2021 is beginning to look up!


Saturday, February 27, 2021

No Hats on These Cats

The sun did not shine; it was too wet to play.

 So we stayed in the house all that cold cold, wet day.

Too wet to go out , too cold to play ball. 
So we stayed in the house and did nothing at all.
And all we could do was to sit, sit, sit;

And we did not like it, not one little bit.

Except for Madame Angeline. 
Sitting inside suits her fine.


Friday, February 26, 2021

Josie Is So Excited

On Wednesday it was warm and sunny and Meema said we could go down to the park at the river. Can we take a picnic? I said and Meema said Yes! So we packed an apple and a banana and six almonds and some leftover pancakes and some little tomatoes and some grapes.

Then I had to pack my rainbow bag.  I put in Hamsie and Blue Elephant and my binoculars and my piano book and my book called The Phantom Tollbooth.  Meema said I probably didn't need ALL of that but I told her I probably did.

The river is called The French Broad and it runs very fast. Meema said I had to stay away from the very edge and not fall in. It is also very cold, Meema said. 

The park is mainly for grownups--paddlers putting in their rafts and kayaks. There aren't any swings or slides or monkey bars but I found some stuff to climb on.

And I drew in the sand.

Lots of pigeons live around the bridge and we watched them flying.

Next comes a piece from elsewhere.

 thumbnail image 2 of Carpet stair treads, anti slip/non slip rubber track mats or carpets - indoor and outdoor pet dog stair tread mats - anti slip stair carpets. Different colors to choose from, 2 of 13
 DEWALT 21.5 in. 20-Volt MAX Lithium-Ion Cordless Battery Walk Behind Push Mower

I wanted to bring a blanket to have our picnic on but Meema said No way because she has trouble getting down on the ground and even more trouble getting back up. So it was a good thing that there was a picnic table for us.

It was a very good adventure.


Thursday, February 25, 2021

A Beautiful Day Except for This Guy

Lovely blue skies and spring-like weather . . . and a lone guy with the Confederate battle flag in front of the courthouse. Because . . .?

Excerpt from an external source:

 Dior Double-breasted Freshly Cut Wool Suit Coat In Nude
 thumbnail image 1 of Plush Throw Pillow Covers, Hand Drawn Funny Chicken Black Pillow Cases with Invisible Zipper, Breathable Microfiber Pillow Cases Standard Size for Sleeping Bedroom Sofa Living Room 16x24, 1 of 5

There was a socially-distanced line of folks making its way into the courthouse, but I had time just to snap one picture before the light changed and I had to keep moving, none the wiser.


Wednesday, February 24, 2021


This handsome mug with Nancy Darrell's artwork will be sent to some lucky reviewer! Come Sunday night, I'll be drawing a name from all of you who've left reviews for CROWS somewhere or other: Goodreads, Amazon, Regal House, B & N, or a mention on FB. 

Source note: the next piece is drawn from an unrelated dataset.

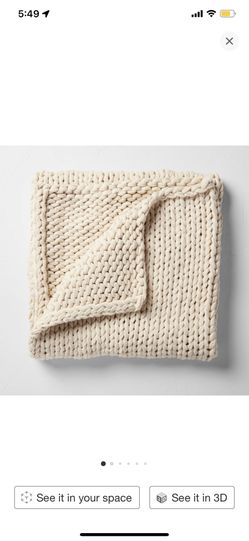 50"×70" Oversized Solid Bed Throw Natural - Casaluna
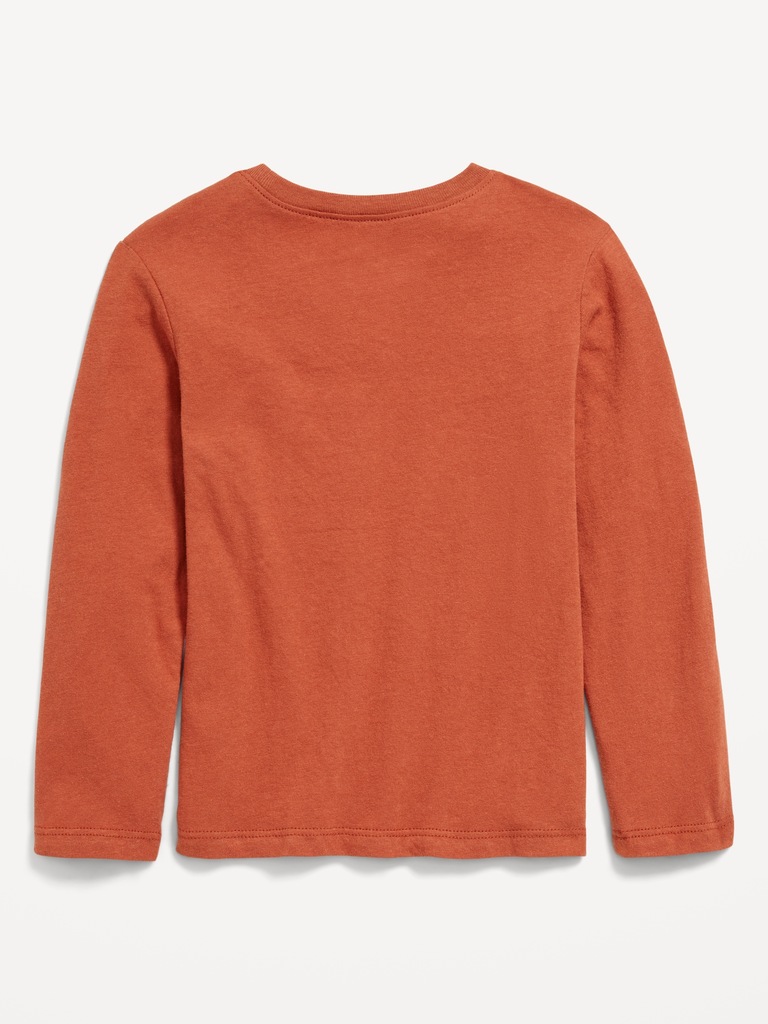 Long-Sleeve Unisex Graphic T-Shirt for Toddler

If you left a review under an alias of some sort (Buttercup? Is that you?) you should tell me so I add your name.

I hate being pushy like this but, by gosh and by golly,  CROWS has far more reviews than any of my other six books. For which I thank you.

And if you haven't left a review, there's still time! Plus I have another mug to give away at a later date.

Tuesday, February 23, 2021

Monday with Josie

After breakfast (pancakes) Hamsie and I did some finger painting. Meema couldn't find the brushes so I used my fingers and made dots.

I used all the colors but one at a time. I had to wipe my fingers with a paper towel before I started a new color because if the colors all get mixed together, they are mostly brown.

When I finished painting, I put on my tutu and had some phone calls. I called my friend Alexander. 

We have lots to talk about.

When I finished talking, I helped Meema with her crossword puzzle. I can make O and A and E and I so I filled in the blanks with those. Meema said I did a good job. I think so too. It is hard fitting the letters in those little squares but I did it.

Meema is trying to teach me how to make a J and a S so I can write my name, JOSIE, all by myself.  I will put it in those little squares next time.


Monday, February 22, 2021

Bayeaux Tapestry Now Online!!!

Think of it as an early graphic novel, replete with action. . . 

portents . . .

slightly kooky characters. . .

a dead (defunctus est) king and the English kingdom in dispute.

Duke Harold believes that he is the inheritor of the kingdom...

 Meanwhile, across the channel, William, Duke of Normandy, says he is the rightful heir (it's a long, complicated story and, remember, it was the winners who commissioned the tapestry.) William is building a navy . . . Trees are chopped down for timber .. .

The completed ships are hauled to the water . . .

(Note the darning on this fellow's face. The tapestry's about a thousand years old and in remarkably good shape.)

The Normans carry chain mail and weapons to the ships . . .

As well as wine (the Normans are descended from Vikings but they've been in France long enough to appreciate a good vintage . . .)

The invasion fleet sets off, tight-packed with men and horses ...

Some are uneasy--or perhaps queasy...

Some scratch their heads, wondering about the future...

The fleet lands at Pevensey. The horses are glad to get off.

(This exotic foliage makes me think of Dr. Seuss)

William and his Normans meet Harold and his English troops at Hastings, Battle of...

Terrific carnage ensues (but look at the artistry of those horses)

Harold takes an arrow to the eye and defunctus est. The English flee, William is king, and the English language becomes richer and more confusing by far.

Check out the whole story  HERE

Sunday, February 21, 2021

How Many Springs


How many springs have passed

since she watched the first green shoots break from the earth

And the bright blooms unfurl?

A handful of the precious bulbs she’d planted in the fall

when first they’d raised the little cabin--

A token of hope, of making a home. Putting her mark on the land

Here I am and here I mean to be.

She cut switches of forsythia – yellow bells, they called them – from a neighbor’s plantings,

Box wood, too, and rooted them all in the damp earth beside the spring. 

And in a few years, heavy with her second child, she set out the little plants – making it pretty around the cabin.

Young uns made hidey holes beneath the boxwood and brought her fistfuls of the daffodils.

That multiplied and spread with every year – like her own family

Moved off, most of them.

But they still returned – sometimes in, spring, with the daffodils

and sometimes for Decoration Day – when the piney flowers lifted their gaudy heads.


Long gone, that woman, that cabin;

But her mark remains.


Friday, February 19, 2021

The Bones of Your Mother

In Greek mythology, Deucalion and Pyrrha are the sole survivors of a flood caused by angry Zeus. Daunted at the prospect of having to repopulate the world, they hear a voice directing them to cast the bones of their mother behind them. Correctly interpreting this riddle, they pick up rocks. Those cast by Deucalion become men, those from Pyrrha, women.

We are rich with rocks--those farmers who came before us made tidy piles of them in the fields to allow for easier plowing and cultivating.  Justin has mined those piles, along with picking up rocks everywhere, to make the stone walls that beautify the place. 

And every winter and every rain uncover more and more of our Mother's bones.